The farm also sells its produce at area markets and used to supply area restaurants, but dropped the latter when the supply couldn’t keep up with the demand.

Dashe marvels at how far the community farm has come since graduate student Lauren Messmer first proposed the idea in her MBA thesis in 2010. In 2015, a gift from Kathleen Burke and Ralph Davis and a donation from the Clarence E. Heller Charitable Foundation helped expand what was once a small vegetable garden.

In 2018, the farm’s first manager, Alisha Strater, handed things off to Dashe.

“Imagine this was just a big hill,” says Dashe, her right hand extended as she gestures to several carefully constructed terraces that support over 60 varieties of fruit trees.

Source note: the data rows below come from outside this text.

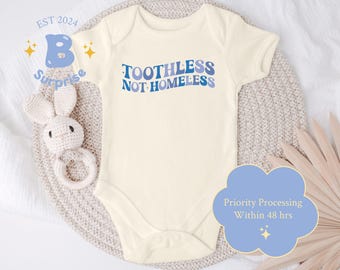 Funny Baby Bodysuit: "Toothless Not Homeless" Natural Cotton Onesie®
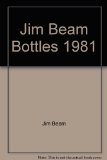 Jim Beam Bottles 1981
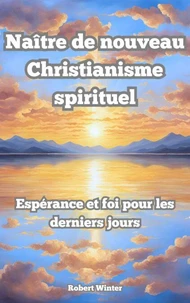 Naître de Nouveau: Christianisme spirituel L'espoir et la foi dans les derniers jours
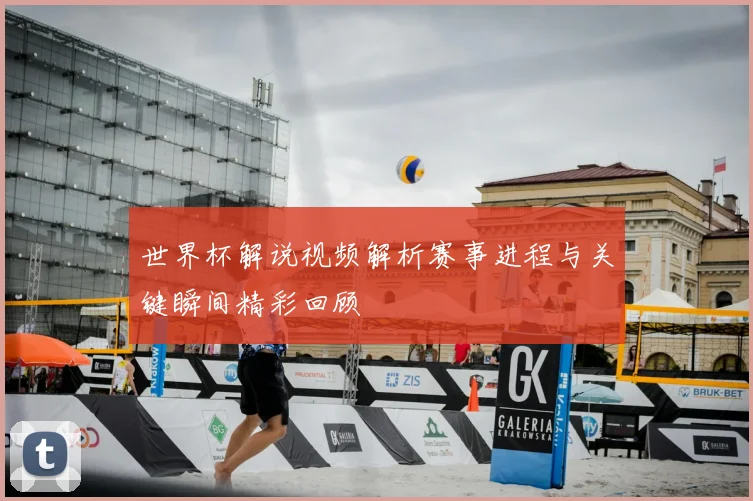 世界杯解说视频解析赛事进程与关键瞬间精彩回顾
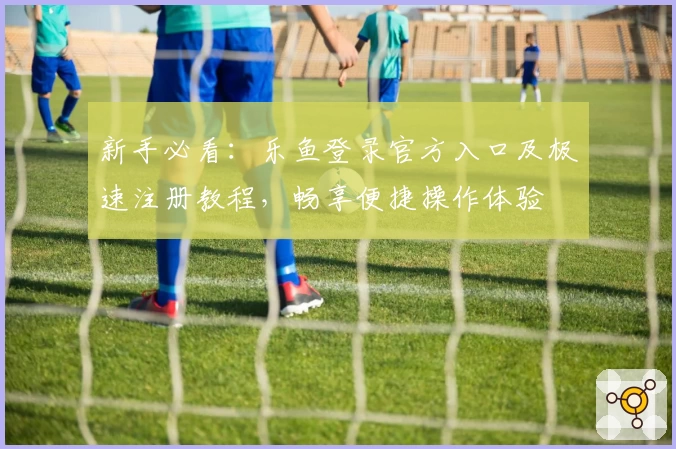 新手必看：乐鱼登录官方入口及极速注册教程，畅享便捷操作体验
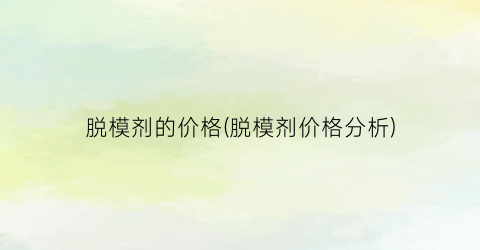 脱模剂的价格(脱模剂价格分析)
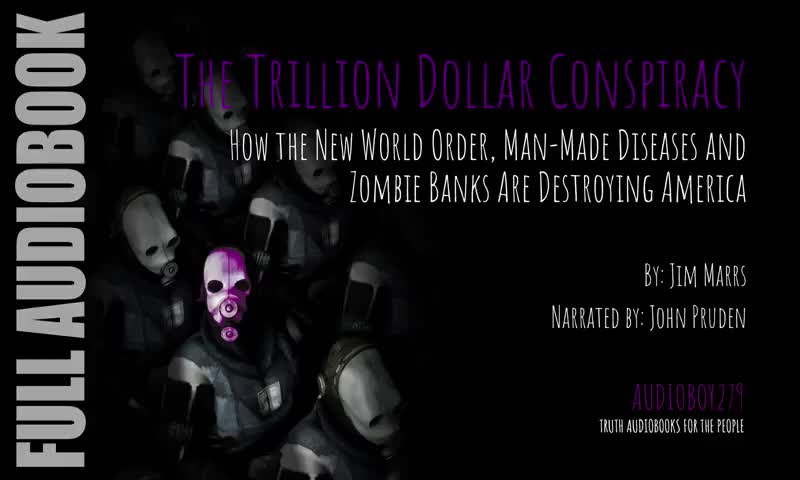 THE TRILLION-DOLLAR CONSPIRACY BY JIM MARRS (PART 1 OF 2) (AUDIOBOOK)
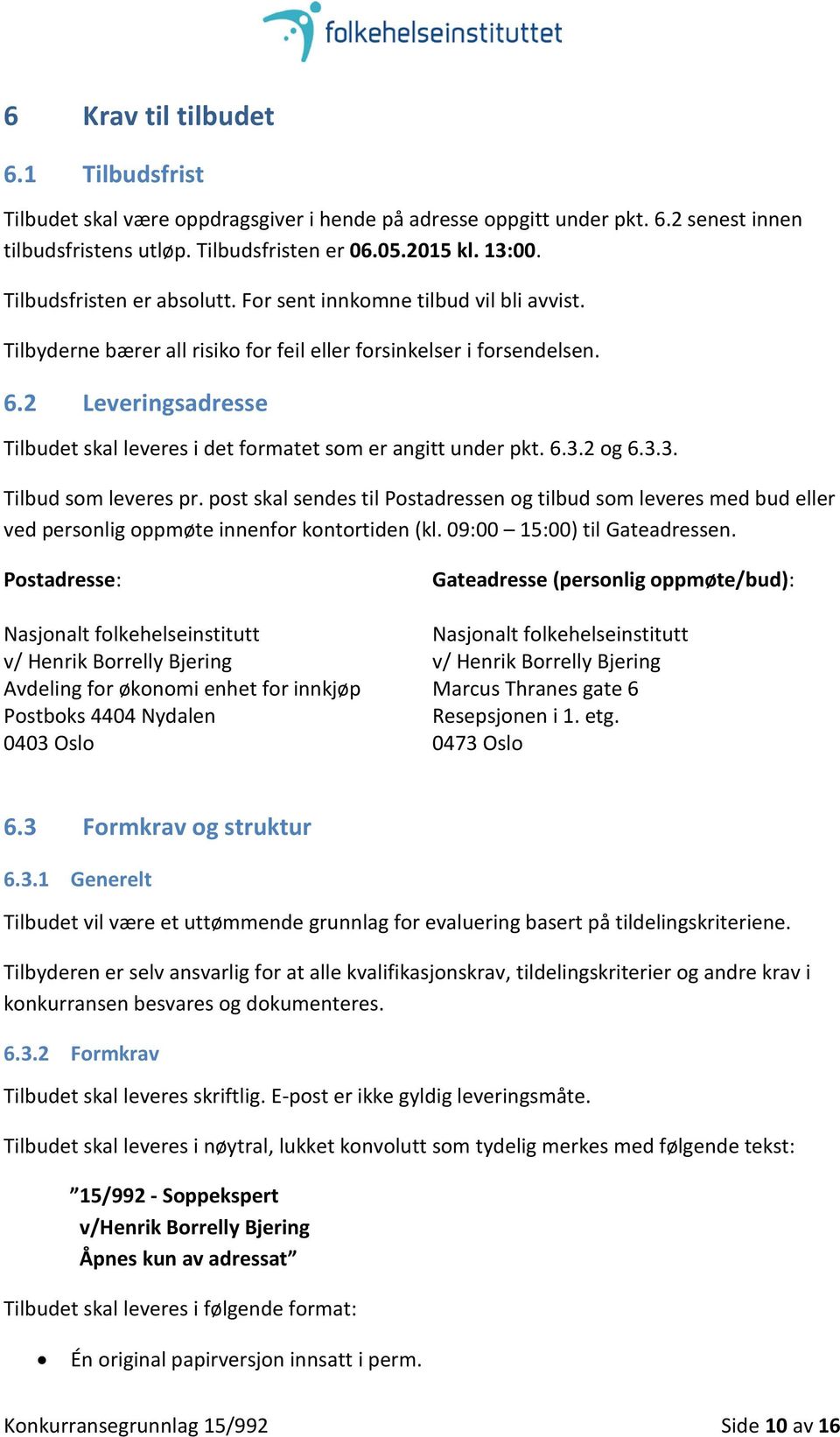 2 Leveringsadresse Tilbudet skal leveres i det formatet som er angitt under pkt. 6.3.2 og 6.3.3. Tilbud som leveres pr.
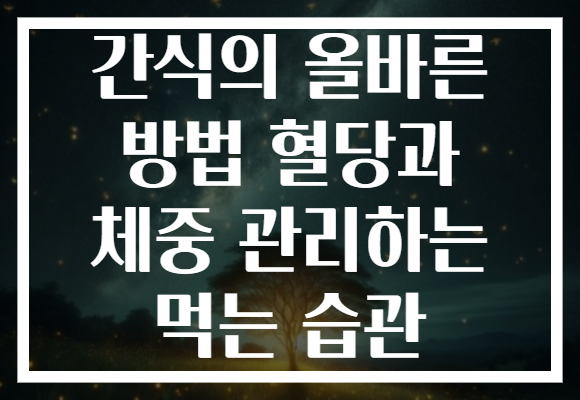 간식의 올바른 방법 혈당과 체중 관리하는 먹는 습관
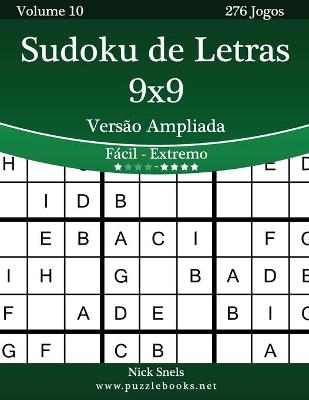 Cover of Sudoku de Letras 9x9 Versão Ampliada - Fácil ao Extremo - Volume 10 - 276 Jogos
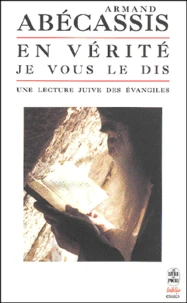En Verite Je Vous Le Dis. Une Lecture Juive Des Evangiles
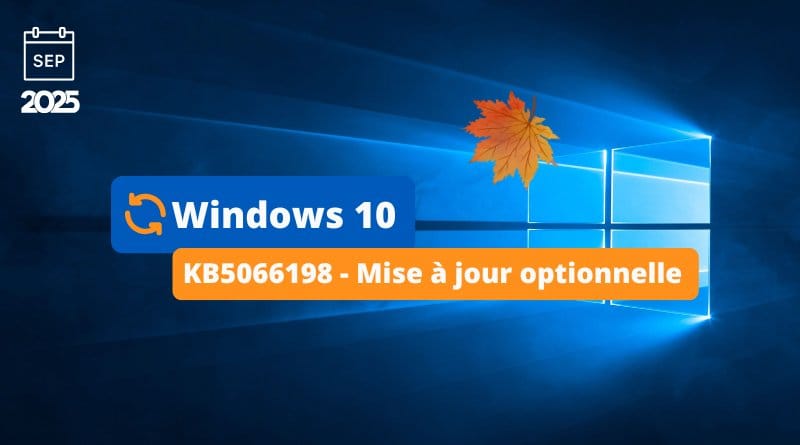 l'ultime mise à jour optionnelle est là ! Windows 10 KB5066198 Mise a jour optionnelle
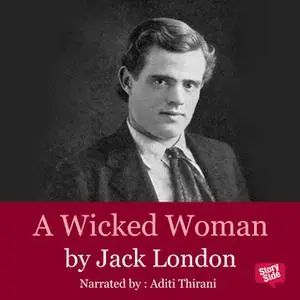 «A Wicked Woman» by Jack London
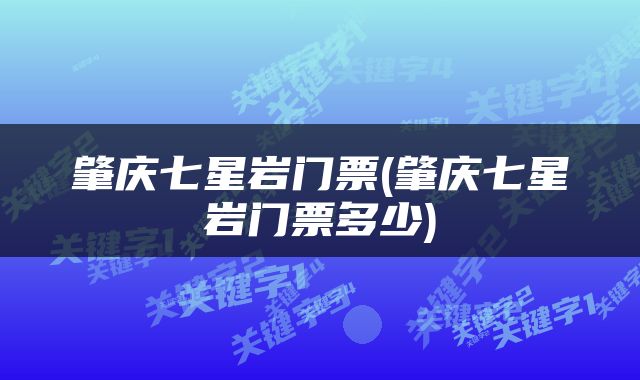肇庆七星岩门票(肇庆七星岩门票多少)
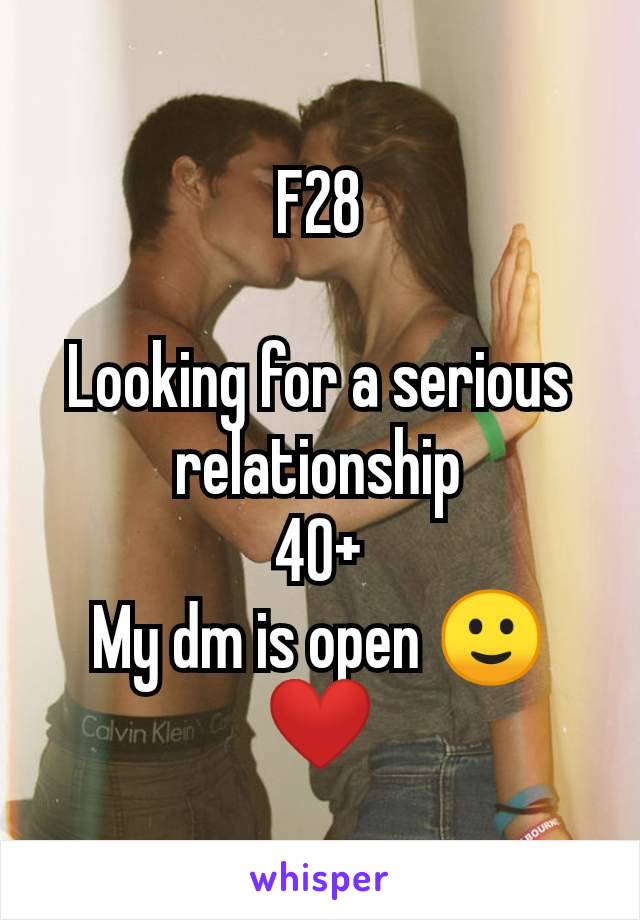 F28

Looking for a serious relationship
40+
My dm is open 🙂❤️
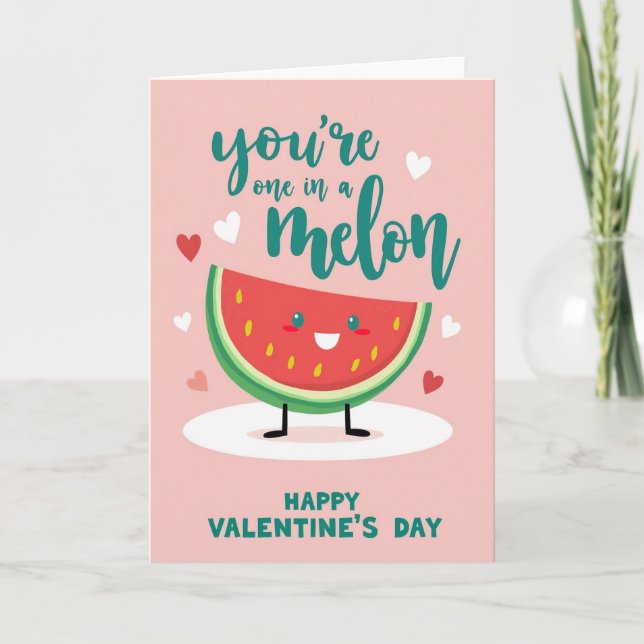 Carte de la Saint-Valentin You Are One In A Melon (Devant)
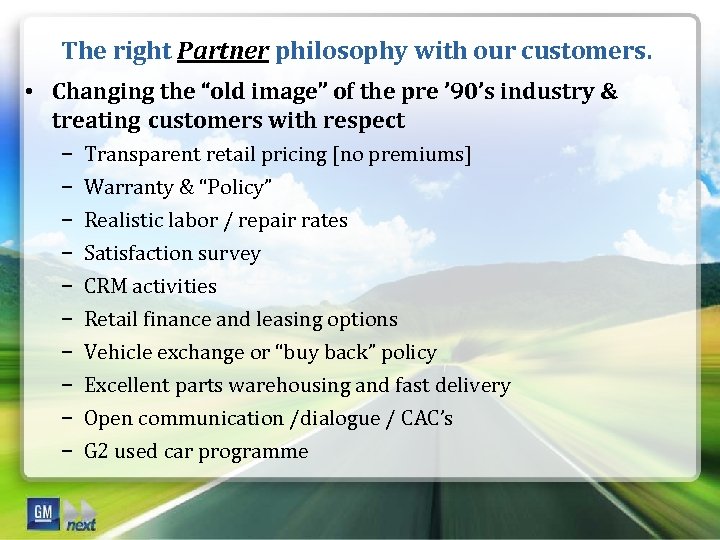 The right Partner philosophy with our customers. • Changing the “old image” of the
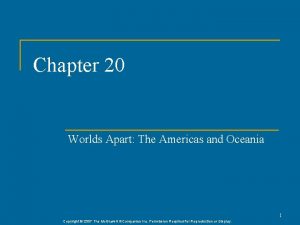 Chapter 20 Worlds Apart The Americas and Oceania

There are figs, pomegranates and apples, as well as pears, plums, oranges and nectarines. 

Plenty of attention is also paid to the two 80-foot planting beds, both about 30 inches wide, both dug and maintained mostly by students. 

“Everything is done by hand,” Dashe says. “It’s not quite set up for tractor work or even a rototiller.”

Working on the farm is one of the hardest jobs on campus, but it’s also one of the most popular. Today’s college students have grown up with the latest technology and social media, but Dashe says they’re also among the biggest advocates for the environment.

“They’re so passionate,” she says.

In the past, Dashe has taught a farming practicum course. Today, she mentors student workers on things like the effects of climate change and the relationship between social status and food accessibility.

It’s all part of connecting with nature and the world around you, Dashe says.

“The students want the opportunity to be outside, dig their hands in the soil,” she says. “They want to be surrounded by butterflies and birds.”

No pesticides or herbicides are used on the farm, so there’s plenty of weeding and pruning to be done. The shed, built and donated by a neighbor across the street, borders a fence that protects the agriculture from squirrels, gophers and other hungry wildlife.

The growing season here is year-round. Unlike San Francisco to the west or Sacramento to the east, the average high temperature on Northeastern’s Oakland campus is 60 degrees in the winter and 75 in the summer. The farm has irrigation, but it’s not used much, about an hour every other day.

“It’s our curse and a blessing that we can plant and harvest all 12 months,” Dashe says. “So unlike in New England where they put beds to sleep, we just rotate our cool-season and warm-season crops.”

All crops are started from seed in the ground, or in the farm’s greenhouse, and in harmony with nature. Purposely planted flowers and herbs attract bees and hummingbirds that serve as pollinators. That kind of biodiversity makes the farm work.

“We’re not just planting rows of corn,” Dashe says. “We’re planting flowers, herbs and different kinds of vegetables. Everything has a purpose and everything works together.”